Below is the tool set used to produce these socks.
This Flemish style knitting sheath was worn at my right elbow, tucked into a heavy leather belt. The z twist of the pattern, provides extra stability for firm knitting. Yes, z twist is better than s twist in this case. It is not possible to knit this tight without a knitting sheath. And, the firmness of the knitting really improves the quality of the socks. After this project, I have greater respect for this little tool kit.
The red stitch marker was cut from a plastic straw.

My wife in her new hiking socks this afternoon. She liked them so much that she aquired the hiking socks that I had just knit for myself. Oh well! There is more yarn where that came from!

(I have no relationship with MacAusland's, except that I bought some of their yarn.)


Line Dufour said...

I wonder if you could send me the pattern for your lopi knit socks. my husband works outdoors and would love for me to knit him a pair. my email address is tapestryline@sympatico.ca

Aaron said...

My father's roommate in watch making school, put himself through school knitting lopi socks - 1 pair per day - finished at the (free) movie shown each evening. When Dad married my Mom, he had a pair of those socks left and as a new bride, my Mom, washed and shrank them. The Story lived, so on their 50th wedding anniversary, I gave them his and hers Lopi ski socks. That was 14 years ago.

Everybody wanted them. However, after a few years of testing, I have decided that there are much, much better yarns for socks. My wife still has hers because they are 'scratchy'!

I would start with B and L (http://www.briggsandlittle.com/) boot sock yarn - it is not a bad boot sock yarn and I used their pattern as I learned to make boot socks.

Then, I would say that knitting tighter produces better socks.

Yarns with more plies make better socks.

Now, my sock pattern is the old B and L pattern, but adapted for knitting tighter, finer yarns, and the shape of my foot.

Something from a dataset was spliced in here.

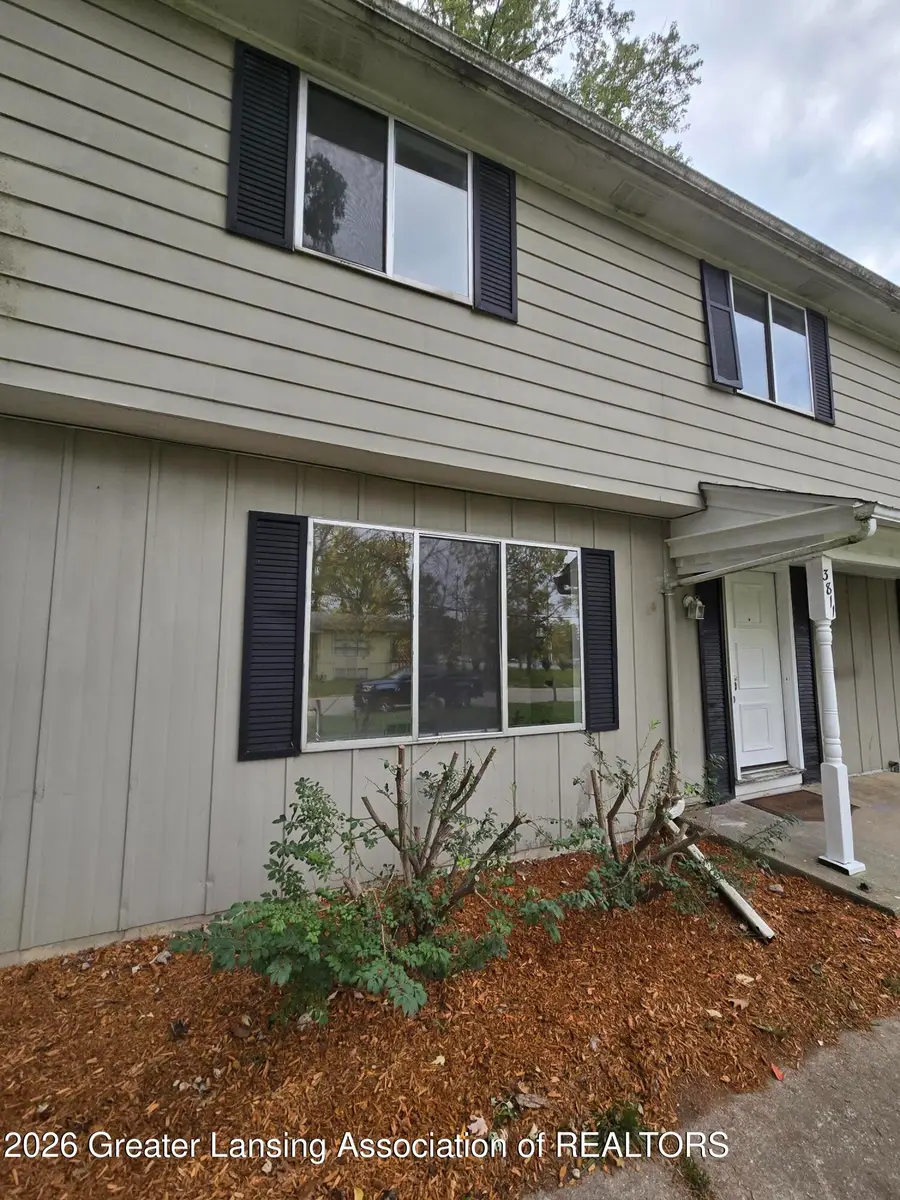 3811 Cooley Drive, Lansing, MI 48911 - #2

A similar pattern is http://www.ravelry.com/patterns/library/tuffy-boot-socks-2

Look at his very favorite socks - how thick are they? Try different yarns and needles until you get that thick and dense a fabric. How high does he like the ankle of the sock? So, I would say, start by replicating his favorite sock. Then, ask him how you can make it better. Make another pair --- it took me 20 or 30 pair before I was really happy with my boot socks.

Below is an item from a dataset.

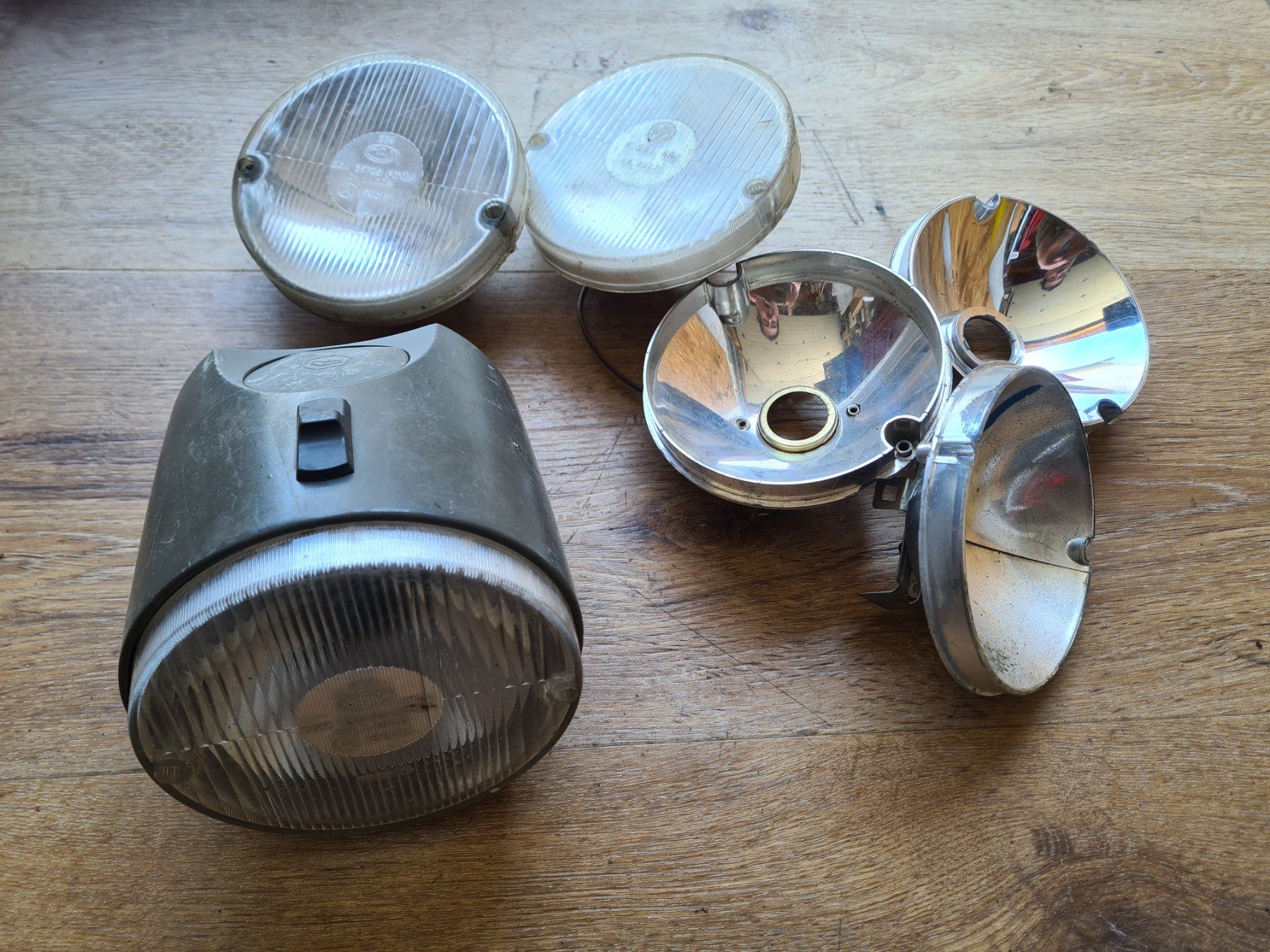 Piaggio Ciclomotori: Lampe Piaggio mit Ersatzteilen – Usato da frümsen venduto da Sailem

All the while, my climbing/ski buddies were laughing at me for hand knitting, because they had never seen hand knit socks that they liked. Then, one year, I gave them all pairs of ski socks. Six weeks later, the cheapest son-of-a-bitch of the whole group asked me if I would knit him a pair of hiking sock for $200. Hand knit socks can be better.

I like socks where the ribbing/decorative stitches do not go down onto the foot. And, I am moving to 1x1 ankle ribbing.

Now, prior to making socks for somebody, I measure their foot/leg at 2" intervals and adjust the number of stitches so the sock fits!!!! Socks for my wife are from Rambouillet. By and large, it is finer than Merino.

The socks on the needles right now are from commercial gansey yarn, blue - 5-ply @ 1,000 ypp; knit at ~ 9 spi/ ~ 12 rpi. I am knitting on 1.9 mm swaving pricks and 1.63 mm DPN to get that gauge.

I can pretty much knit them in the dark, (except when somebody is aggravating me.) I can knit them in the car, or at the movies. All a matter of practice.

Anonymous said...

I've just returned to knitting - after a decade off - with the specific purpose of knitting adventure socks. I've been looking skeptically at the very pretty, but not very sturdy yarns at the yarn store. Thank you for the tough yarn suggestions.

Excellent advice and I love your blog!